Dataset Card¶

A Dataset Card (a.k.a. datasheet) records a dataset's origin, composition, intended use, collection procedure, preprocessing steps, distribution channel, and maintenance plan. Datasheets surface the assumptions and biases baked into training and evaluation corpora so downstream consumers — model trainers, regulators, Forensic Auditors — can assess fitness-for-purpose before committing. Produce this artifact during the Critique phase whenever a dataset is created, acquired, substantially transformed, or published to another project.

Template¶

Section 1: Dataset Overview¶

Instructions: Give the dataset a stable name + version, name the steward, record dates, and declare license / IP status up front. FAIR² compliance should cross-link to the FAIR self-assessment (OPEN-SCI-002).

Field	Value
Dataset name	`[FILL]`
Version	`[FILL]`
Date created / updated	`[FILL]`
Creator / steward	`[FILL]`
License / IP status	`[FILL]`
FAIR² compliance	`[None / Partial / Full — link to OPEN-SCI-002]`
Summary (1-2 sentences)	`[FILL]`

Section 2: Motivation¶

Instructions: Why does this dataset exist? Who funded it, what tasks it was built for, and — just as important — what it is explicitly not recommended for.

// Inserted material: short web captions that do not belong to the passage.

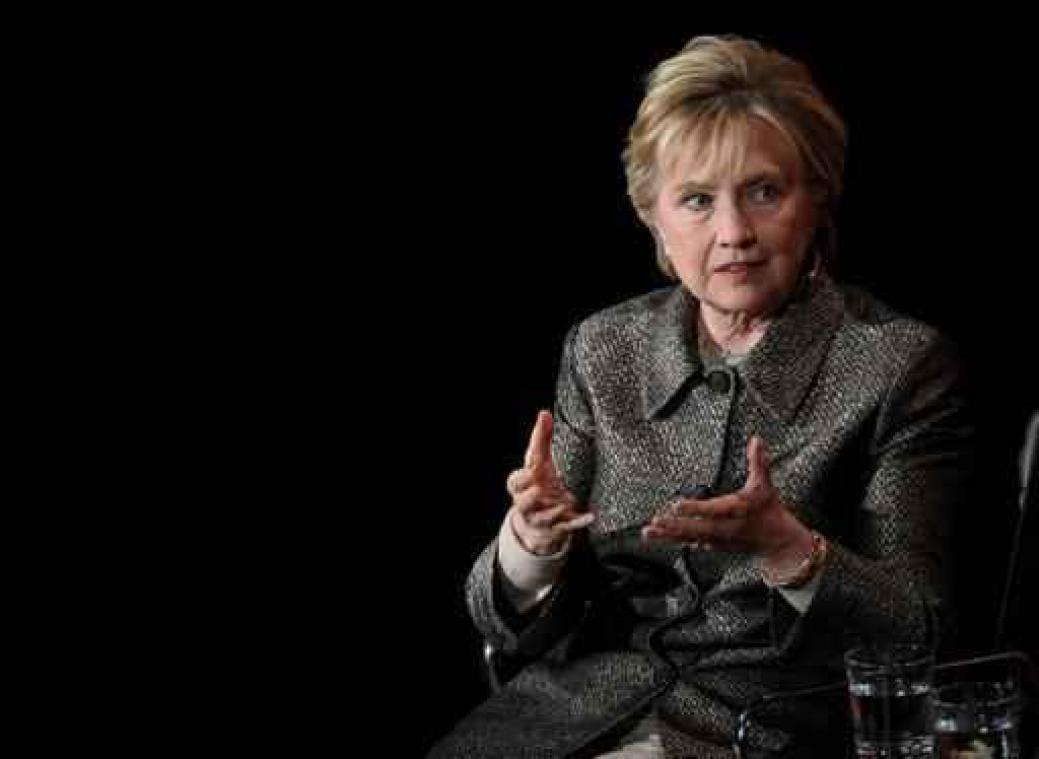 Hillary Clinton zet aanval op Trump in met nieuwe politieke beweging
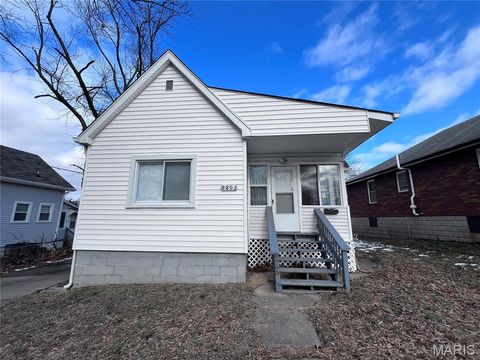 8803 Alva Avenue St Louis MO 63121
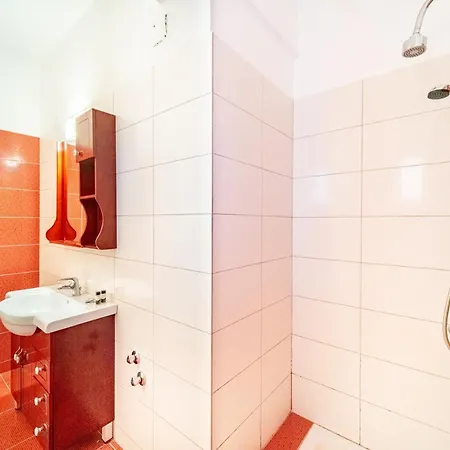 Arianna Ground Floor 4 *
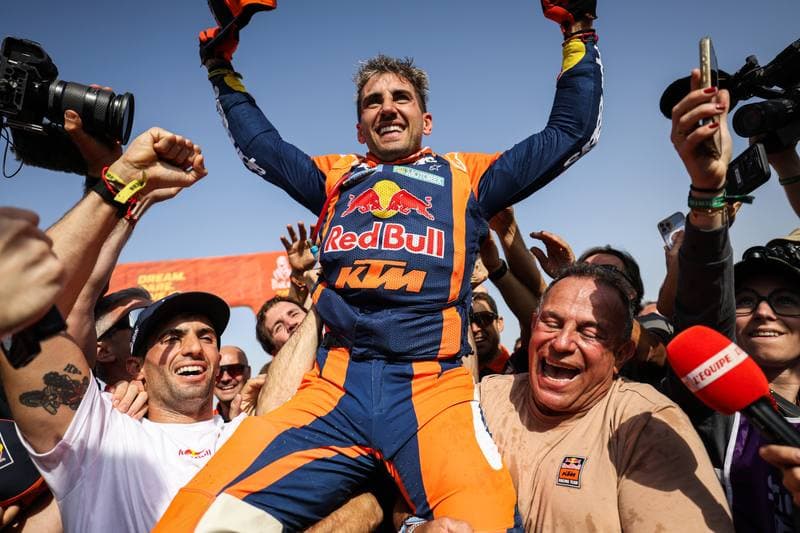 Motorsport. Dakar Rally. Finish. 17.01.2026
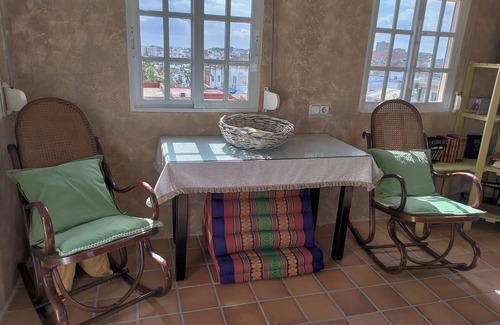 San Juan de Aznalfarache Casa | Junto al Metro y ¡al Centro de Sevilla!Gran vivienda con piscina privada.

Purpose of creation: [FILL]
Funding / sponsorship: [FILL]
Intended tasks: [FILL]
Not recommended for: [FILL]

Section 3: Composition¶

Instructions: Describe the structure: instance count, instance type, feature schema, label distribution, missing-data handling, and PII presence. Every sensitive column must be flagged.

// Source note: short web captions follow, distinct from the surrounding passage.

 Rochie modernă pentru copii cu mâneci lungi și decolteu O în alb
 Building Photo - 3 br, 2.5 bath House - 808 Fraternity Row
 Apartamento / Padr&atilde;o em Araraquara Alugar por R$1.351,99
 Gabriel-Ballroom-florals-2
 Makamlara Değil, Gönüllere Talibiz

Instance count / type / format: [FILL]
Feature schema (with sensitivity flags): [FILL]
Label distribution (if labelled): [FILL]
Missing-data handling: [FILL]
PII present? handling: [FILL]

Section 4: Collection & Preprocessing¶

Instructions: Document the source, method, time period, sampling strategy, and ethical / consent posture. Preprocessing must be reproducible from a committed script.

Source(s): [FILL]
Collection method: [FILL]
Time period + geography: [FILL]
Sampling strategy: [FILL]
Consent / ethical review: [FILL]
Preprocessing steps + script: [FILL]

Section 5: Distribution & Uses¶

Instructions: How is the dataset accessed (filesystem, MCP resource URI, A2A skill, registry)? Enumerate known consumers with purpose so future auditors can detect drift.

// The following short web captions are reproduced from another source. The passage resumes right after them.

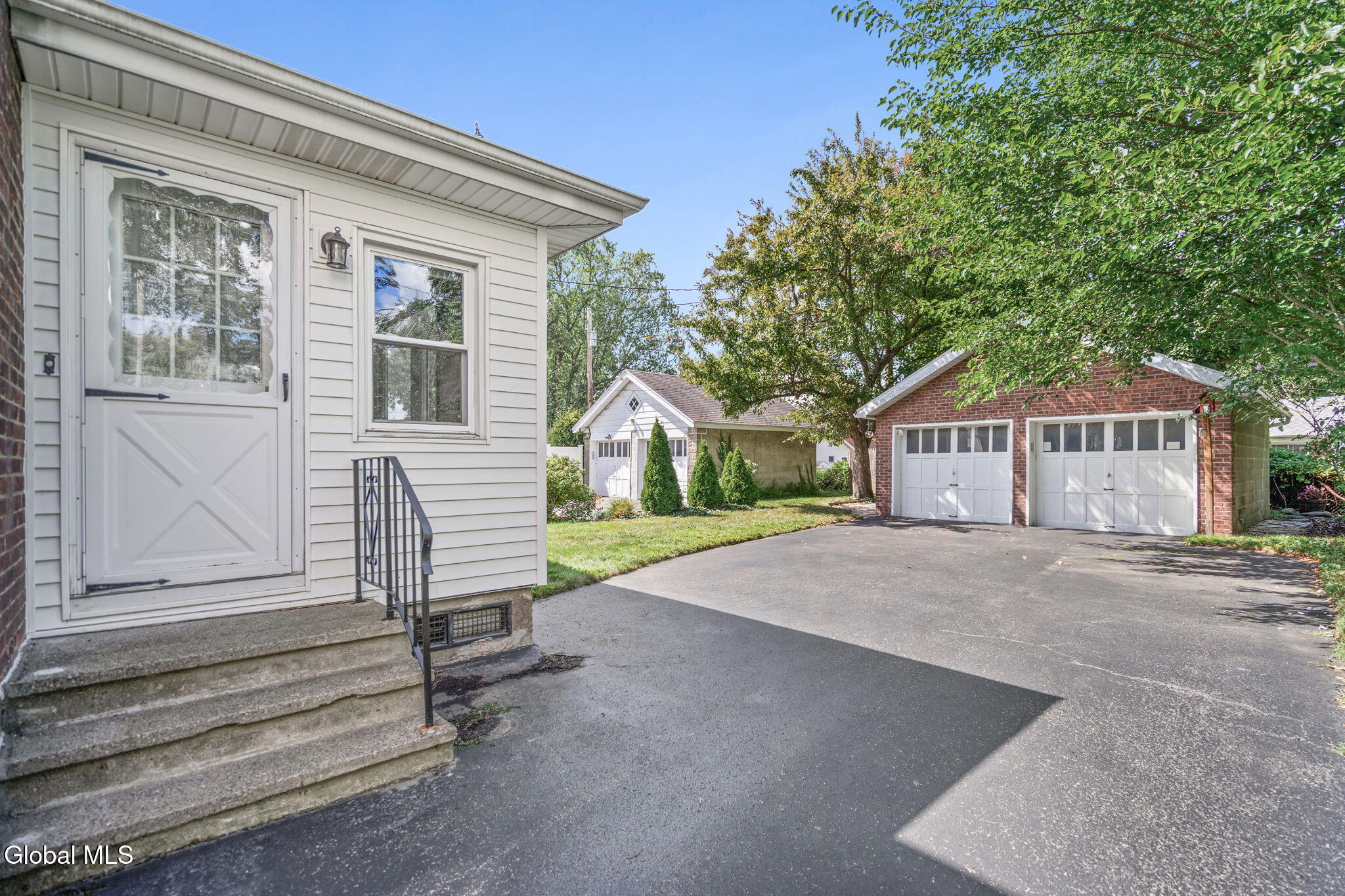 136 Rosemont Street Albany NY 12203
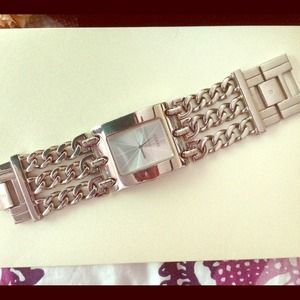 Guess three chain watch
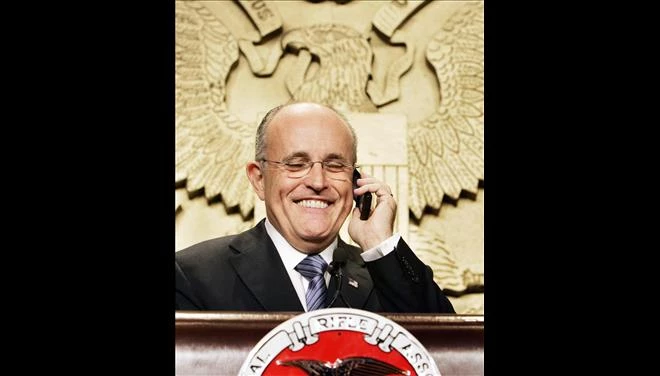 Τζουλιάνι: Στα… τέσσερα εκλιπαρούσε ο Κιμ για τη σύνοδο κορυφής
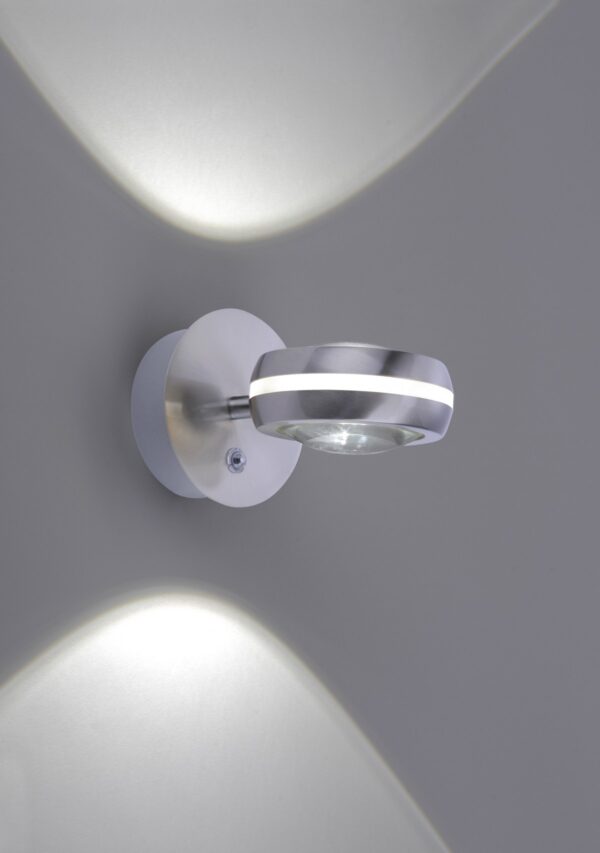 Trio 255410207 Vista LED Nástěnní svítidlo s ovladačem | RGB | Variabilní | 2x4W | Kov | Nikl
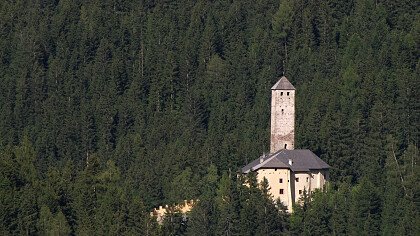 inverno_castello_monguelfo_shutterstock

Access method / endpoint: [FILL]
Export formats: [FILL]
Known uses: [FILL]
Previous versions: [FILL]

Section 6: Maintenance & Ethics¶

Instructions: Name the data steward, update frequency, versioning policy, retention period, deprecation plan, and issue-reporting channel. Ethical considerations must cover potential-for-harm and bias sources.

Data steward + update frequency: [FILL]
Versioning + retention + deprecation: [FILL]
Issue reporting: [FILL]
Potential for harm / bias sources / mitigations: [FILL]

Adoption Checklist¶

All required sections completed
Artifact peer-reviewed by at least one R.I.S.C.E.A.R. peer
Stored in the project's designated docs location
Linked from README or equivalent index
Versioned + date-stamped alongside the dataset it describes

References¶

PHOENIX v4.0.0 — docs/resources/templates/open-science/dataset-card.md
Gebru, T. et al. (2021) — Datasheets for Datasets, CACM 64(12)
Pushkarna, M. et al. (2022) — Data Cards, ACM FAccT
FAIR² Open Specification (October 2025)
Hutchinson, B. et al. (2023) — Open Datasheets, arXiv

FCC integration¶

This template is referenced from the Forensic Auditor persona (src/fcc/data/personas/forensic_auditor.yaml) as part of the Critique-phase evidence set. Every dataset under audit must have a current Dataset Card; the auditor cross-links the card to the DMP (OPEN-SCI-010) and the FAIR self-assessment (OPEN-SCI-002). The Dataset Card is also the canonical surface for src/fcc/evaluation/cards.py's Datasheet model. See also src/fcc/data/governance/open_science_gates.yaml.